The Central Government Counsel further argued that non-appointment of Company Secretary by petitioners- Companies is an offence under Section 383A (1A) vide Companies (Amendment) Act, 1988 with effect from 01.12.1988. If a Company fails to comply with the requirement regarding the appointment of Company Secretary, the Company and every officer of the Company who is in default shall be punishable with fine which may extend to ₹500/- per every day during which the default continues. As per the existing rules, the petitioners are bound to appoint whole-time Company Secretaries, as their paid up capital is more than ₹5 Crores.
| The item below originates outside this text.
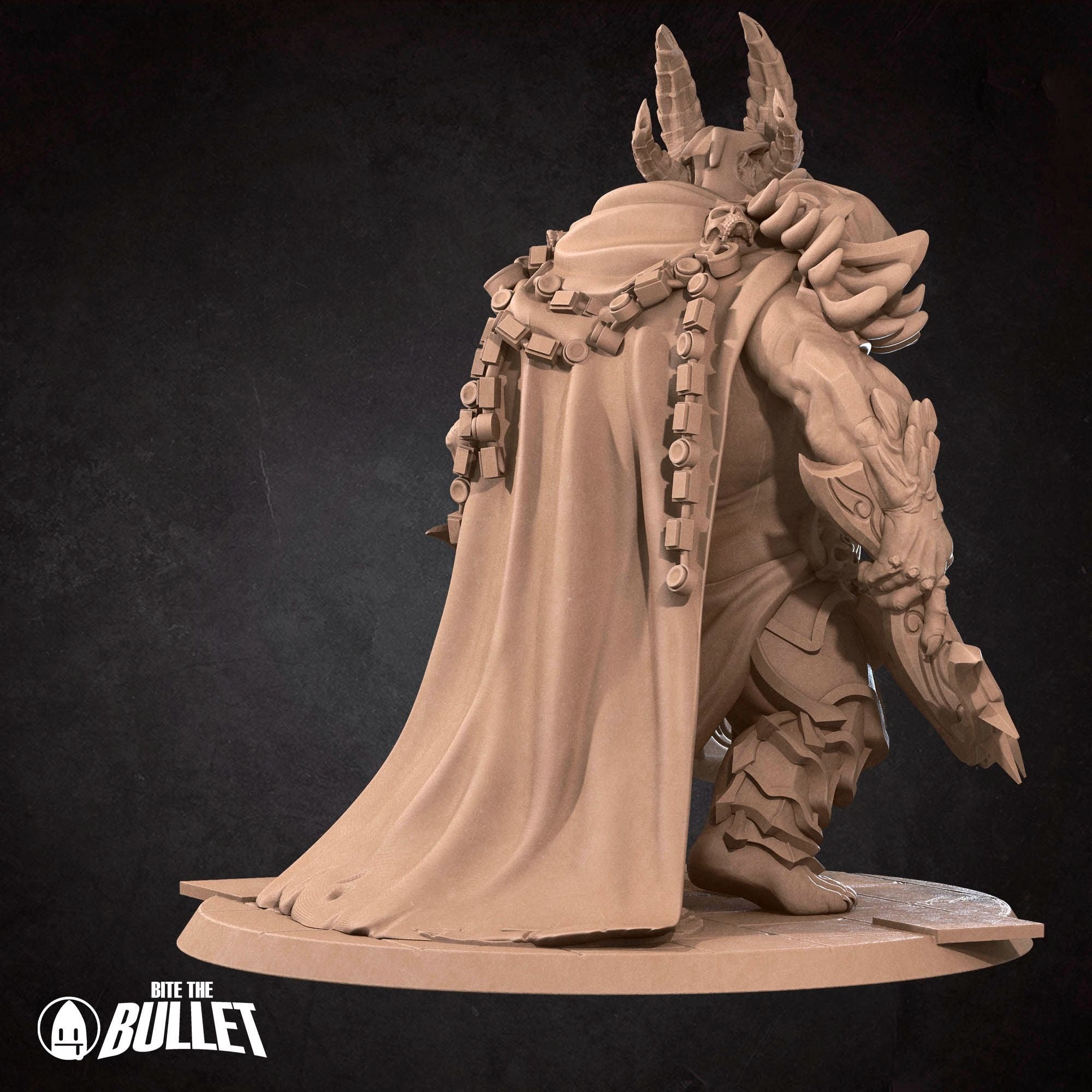 Orthon - Iconic Monsters - 3d Printed Miniature sculpted by Bite the Bullet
The petitioners cannot be granted any exemption from the Rules and hence the respondents not accepting the form filed the petitioners.

CONCLUSION

Key Managerial Personnel (KMP) refers to the officials of a company who are vested with the most important roles and responsibilities. They are in-charge of maintaining the operations of the company. Section 203 of The Companies Act, 2013 states the provisions relating to appointment of key managerial personnel (KMP). These are a group of people who are in charge of managing the operations of a Company; they are responsible for the planning, directing and controlling the functioning of a Company. They are the first point of contract between the company and its Stakeholders.

As per section 2(51) of the Act, KMP means the following person(s), if appointed in a company, whether under a legal obligation under the Act

  • Chief Executive Officer (CEO) or the Managing Director (MD) or the manager;
  • company secretary (CS);
  • whole-time director (WTD);
  • Chief Financial Officer (CFO); and
  • ●       such other officers may be prescribed (none prescribed till date).

In the above case, the petitioner didn’t appoint a whole-time company secretary which is a mandatory requirement under the Companies Act. Section 203 of Companies Act, 2013, deals with appointment and remuneration of managerial personnel. This section primarily lays down the provision for the appointment of key managerial personnel. This section read with Rule 8 of Companies (Appointment and Remuneration of Managerial Personnel) Rules, 2014 makes it compulsory for every listed company and every other public company with a paid-up share capital of 10 crore rupees or more, must have whole-time key managerial personnel comprising of managing director, chief executive officer or manager and in their absence, a whole time director, company secretary and chief financial officer. This section regulates dual appointment of key managerial personnel. Therefore, the writ petitions are disposed of granting liberty to the respondents to proceed against the petitioner-Companies for violating Section 203 of the Companies Act.